"I think so," she said hesitatingly. "Clara says it will be very amusing. And you must remember how much I enjoyed 'Faust' and 'Hamlet.'"
Errington smiled. "You'll find the Brilliant performance very different to either," he said amusedly. "You don't know what a burlesque is like!"
"Then I must be instructed," replied Thelma, smiling also, "I need to learn many things. I am very ignorant!"
"Ignorant!" and he swept aside with a caressing touch the clustering hair from her broad, noble brow. "My darling, you possess the greatest wisdom--the wisdom of innocence. I would not change it for all the learning of the sagest philosophers!"
"You really mean that?" she asked half timidly.
"I really mean that!" he answered fondly. "Little sceptic! As if I would ever say anything to you that I did not mean! I shall be glad when we're out of London and back at the Manor--then I shall have you all to myself again--for a time, at least."
She raised her eyes full of sudden joy,--all traces of her former depression had disappeared.
"And I shall have you!" she said gladly. "And we shall not disappoint Lady Winsleigh to-night, Philip--I am not tired--and I shall be pleased to go to the theatre."
"All right!" responded Philip cheerfully. "So let it be! Only I don't believe you'll like the piece,--though it certainly won't make you cry. Yet I doubt if it will make you laugh, either. However, it will be a new experience for you."
And a new experience it decidedly was,--an experience, too, which brought some strange and perplexing results to Thelma of which she never dreamed.

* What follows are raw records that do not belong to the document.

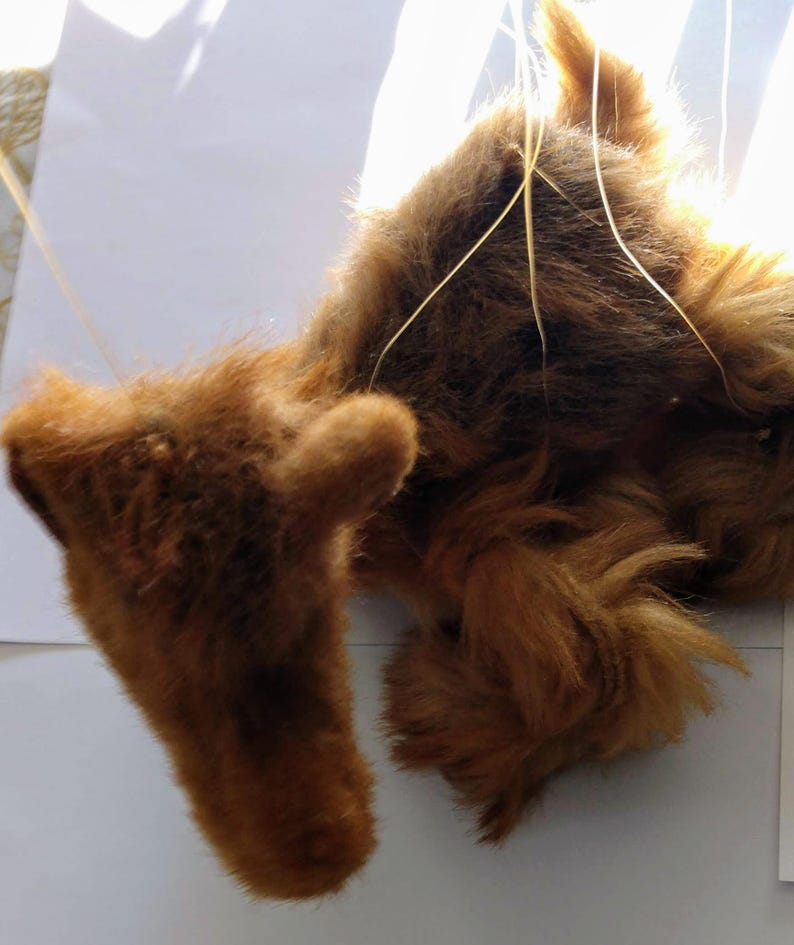 May include: A brown plush toy dog with long fur, hanging from strings. The dog is lying on its back with its legs in the air.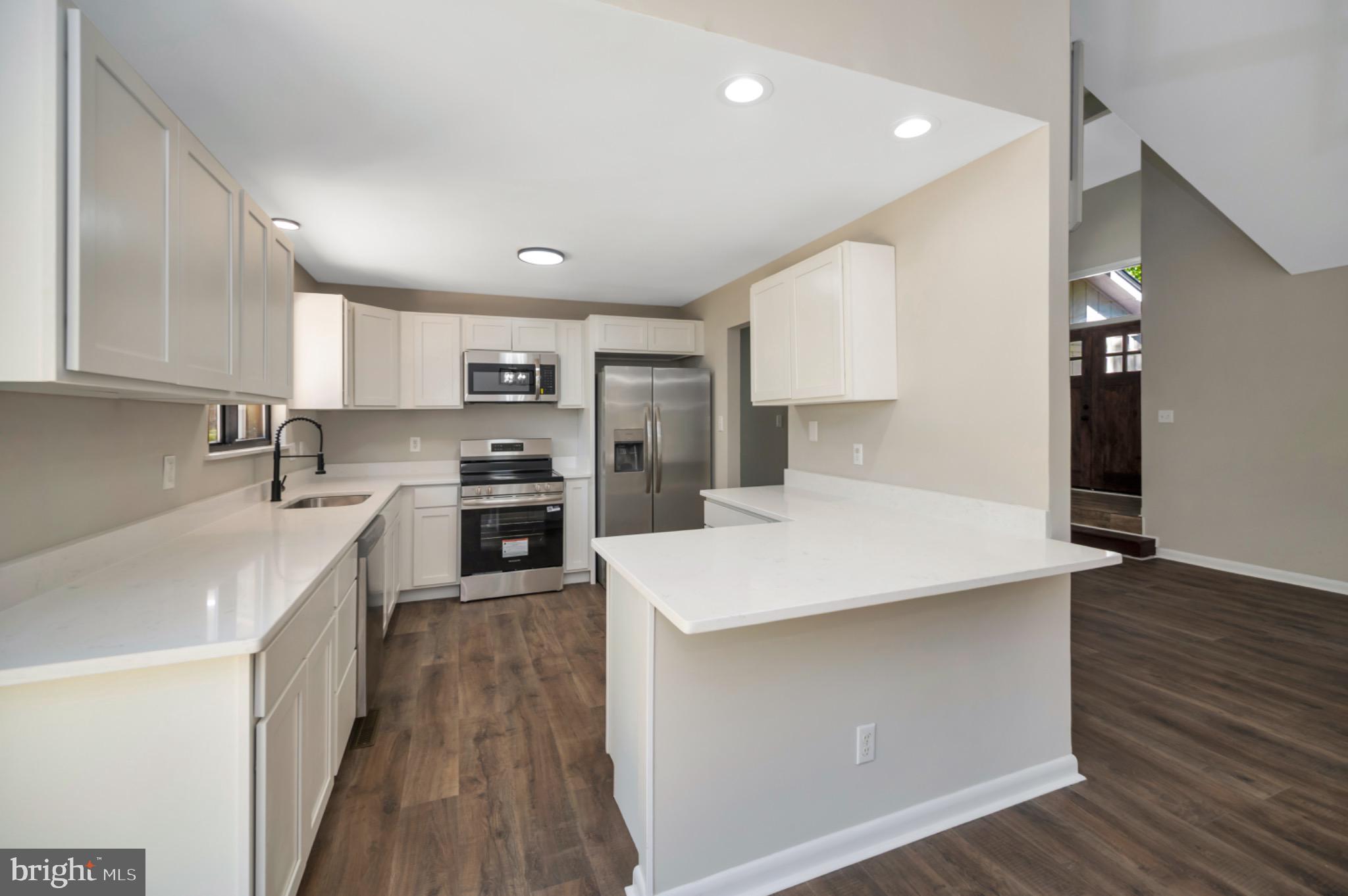 420 Birdie Road Locust Grove, VA 22508 - Photo 7 of 53 a kitchen with stainless steel appliances a refrigerator sink and wooden cabinets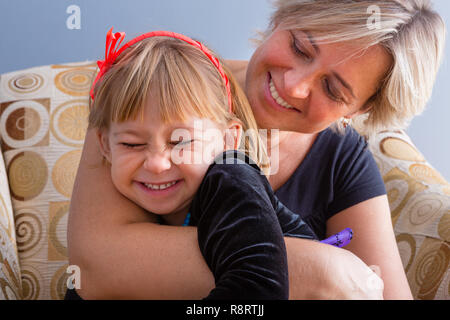 Fun happy loving mother and daughter enjoying a laugh and cuddle as the relax together in a comfortable armchair at home Stock Photo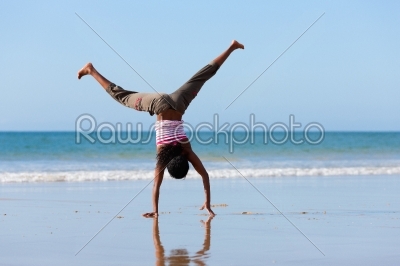 Sportive woman doing gymnastics on the beach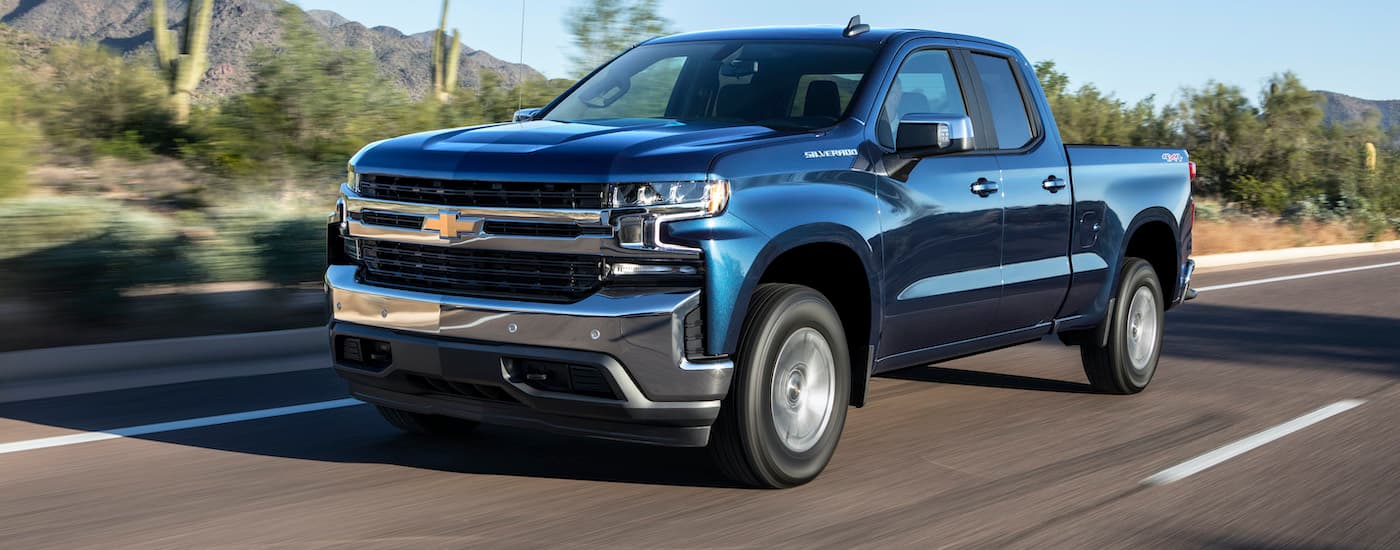 A popular vehicle for New Jersey car sales, a dark blue 2019 Chevy Silverado 1500 turbo, is shown driving down an empty highway.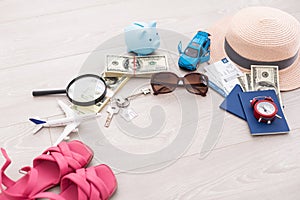 A piggy bank with dollar bills in a travel setting. In the composition of the image: Sun Hat, Alarm Clock. Concept of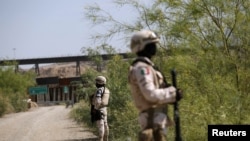 Para petugas Garda Nasional Meksiko berpatroli di perbatasan Meksiko dan AS dalam operasi mencegah para migran menyeberang secarailegal ke wilayah AS, di Ciudad Juarez, Meksiko, 26 Juni 2019.
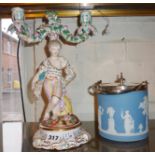 Continental porcelain figural two branch candlestick and a Wedgwood blue Jasperware biscuit barrel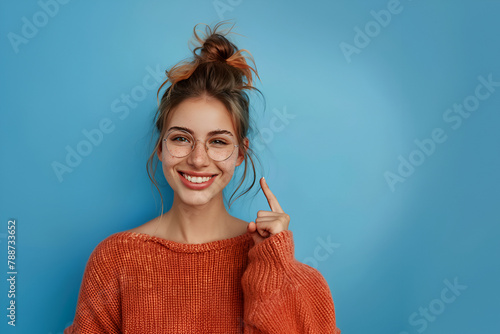 Portrait of young funny woman brown curls direct finger empty space shocked see secrets isolated on blue color background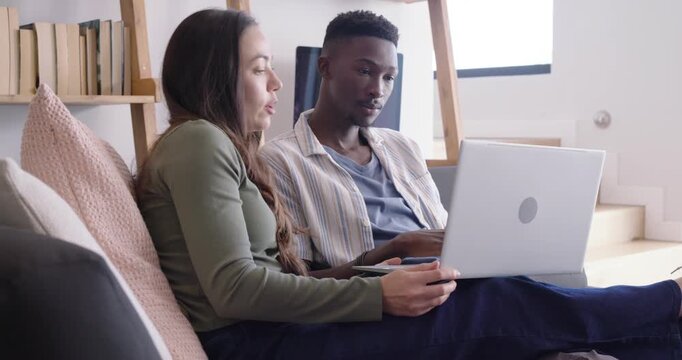 Diverse couple sitting on couch positioning silver laptop, typing and pointing while reviewing work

She went to the Brilliant, accompanied by Lady Winsleigh and her husband,--Neville, the secretary, making the fourth in their box; and during the first and second scene of the performance the stage effects were so pretty and the dancing so graceful that she nearly forgot the bewildered astonishment she had at first felt at the extreme scantiness of apparel worn by the ladies of the ballet. They represented birds, bees, butterflies, and the other winged denizens of the forest-world,--and the tout-ensemble was so fairy-like and brilliant with swift movement, light, and color that the eye was too dazzled and confused to note objectionable details. But in the third scene, when a plump, athletic young woman leaped on the stage in the guise of a humming-bird, with a feather tunic so short that it was a mere waist-belt of extra width,--a flesh-colored bodice about three inches high, and a pair of blue wings attached to her fat shoulders, Thelma started and half rose from her seat in dismay, while a hot tide of color crimsoned her cheeks. She looked nervously at her husband.